Budget Secretary Benjamin Diokno admitted the government only wanted to deal with one contractor. He quoted ASEAN NOC Director General Marciano Paynor Jr. as saying, “We should just have one bidder.”

“It’s an indication that they tailor fitted the bidding to admit only one company. It’s against the governing principle of government procurement Section 3(c) which is competitiveness,” the source added.

Citing the Non-Policy Matter Opinion No. 180-2015 issued by the Government Procurement Policy Board (GPPB), the DBM-PS said as the procuring entity it was in the best position “to determine, based on its primary purpose, motivation and intention, and on the nature of the contract, whether the intended Project should be classified as goods or consulting services.”

DBM-PS used Public Bidding Documents (PBD) for “goods” for the conference-related services required for 48 major meetings from January to December 2017. Bids for the procurement of goods and infrastructure require an abbreviated process under Section 32 of the law. The Bids and Awards Committee (BAC) only evaluates the financial component of the bids. From the preliminary examination the “Lowest Calculated Bid” is already determined.

The contract was bidded out as “Technical and Conference Integrator for the Hosting of 2017 ASEAN Meetings.” Under the Government Procurement Reform Act (GPRA) Implementing Rules and Regulations (IRR), “Technical and Conference Integrator” falls under consulting services, which involves a longer process and requires an evaluation and ranking of the bids, among other steps.

The DBM-PS argued that the terms of reference (TOR) of the contract involve rental of equipment and rendition of services and specifically required the integrator to render design services, supply goods and furniture, and even construction of specific requirements.

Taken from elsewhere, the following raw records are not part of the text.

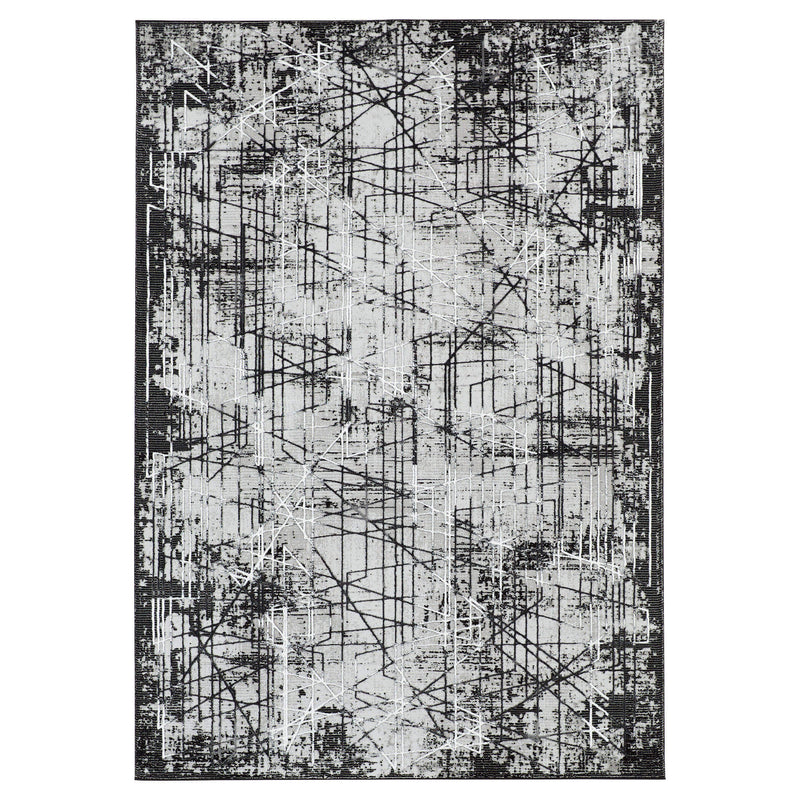 Sesia Black Ivory Linear Geometric - R1004 - 5' x 8'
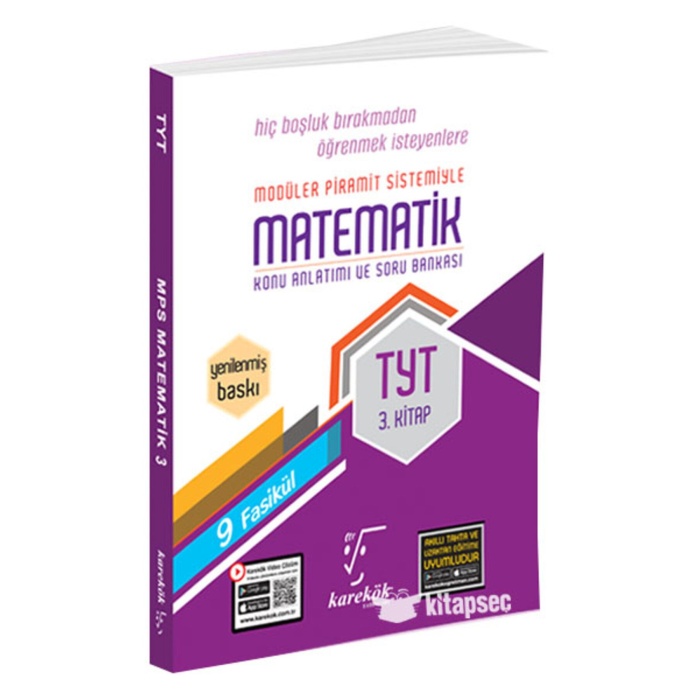 KAREKÖK TYT MATEMATİK 3.KİTAP MPS (MODÜLER PİRAMİT SİSTEMİ)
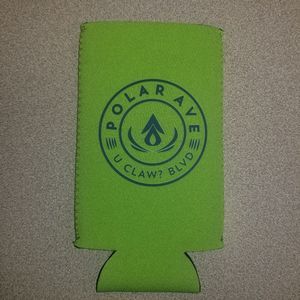 White Claw Koozie Green Koozie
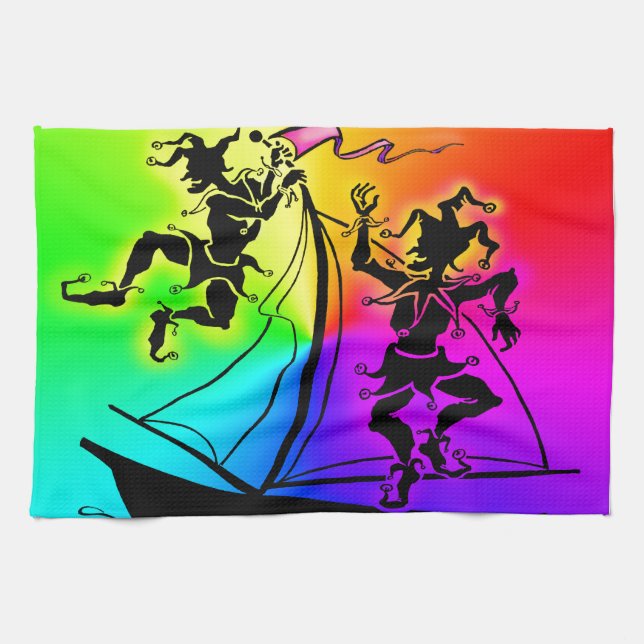 Rainbow Pride Tea Towel (Horizontal)
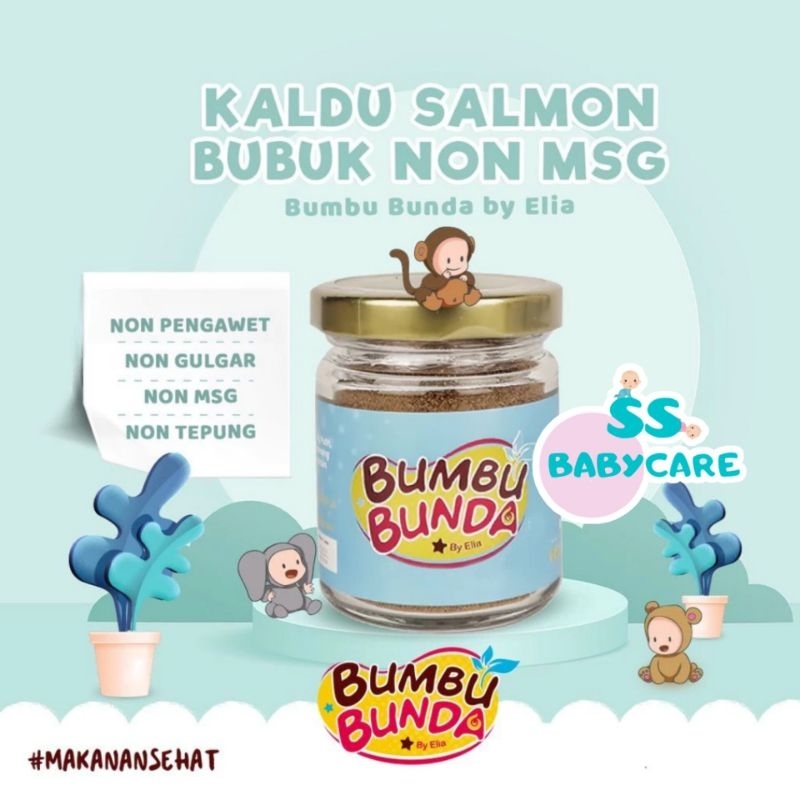 

Bumbu Bunda Elia Kaldu Ikan Salmon Non MSG - Kaldu Bubuk MPASI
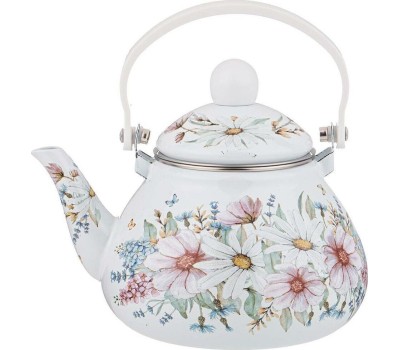 Чайник AGNESS 934-430 ДВОРЦОВЫЙ ПАРК эмал. 1,3л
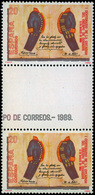 Ed. *** 2998 - Pareja Interpanel Con Leyenda Marginal Que Deberia Estar En La Cabecera De Hoja. - Unused Stamps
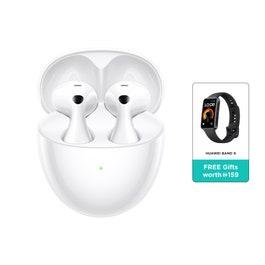 Huawei FreeBuds 6 True Wireless Earbuds White with Band 9 Smartwatch (HUW-BD-FREEBUDS6-WHT+BAND9)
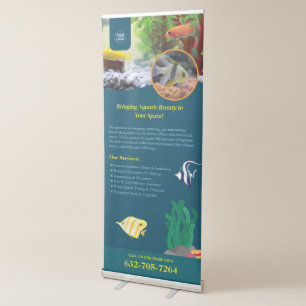 Aquarium Installation Supplies  Retractable Banner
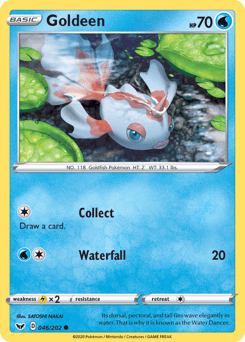 Goldeen 46/202 — Sword & Shield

The contract does not require any purchase of goods but a thorough review of the TOR would reveal that 86 percent of the requirement is actually lease or rental of equipment. The DBM-PS argued this condition does not fall under consulting services.

“The title of the bidding/contract does not determine the requirements of the contract,” the DBM-PS statement read.

Both APEC 2015 and ASEAN 2017 hosting requirements were for “Technical and Conference Integrator” but APEC 2015 was bidded out as “consulting services” while ASEAN 2017 as “goods.” StageCraft International bagged both contracts.

“These bidding parameters are decided in lengthy discussions between DBM-PS and ASEAN-NOC prior to advertisement in which time bidders are unknown and could not have deliberately excluded or favored anyone. It is thus categorically denied that the procurement of the requirement as Goods was decided whimsically and arbitrarily,” the DBM statement read.

DBM-PS explained that in the APEC 2015 hosting, expertise of consultants was needed while in ASEAN 2017, organizers need only goods and support services.

The APEC 2015 hosting was also bidded out as consulting services because the previous hosting of APEC was held more than a decade ago, and in a much smaller scale, that the expertise of consultants was then required to accomplish the tasks necessary. But for the 2017 ASEAN Conferences, the organizers have already acquired the expertise in hosting events of this nature, as in fact it has just been two years since APEC 2015.

“Another paramount consideration in hosting the 2017 ASEAN Meetings should be given to the security, safety, and comfort of the Heads of State who will attend the momentous events. It cannot be overemphasized that given the circumstances under which the reins for this event had been handed over to the current administration, time is of the essence, and we are in short supply. It is imperative that preparations should already be well under way at this point, bearing in mind the sheer magnitude and significance of these events,” the statement concluded.

The Philippine hosting of ASEAN 2017 will kick off in a ceremonial launch in Davao City on January 15. Two senior economic officials’ meetings will follow later this month also in Davao.

Two ministerial-level meetings will take place in February, the ASEAN Ministerial Retreat in Palawan and the ASEAN-China Joint Working Group on the Implementation of the Declaration of the Conduct of Parties in the SCS.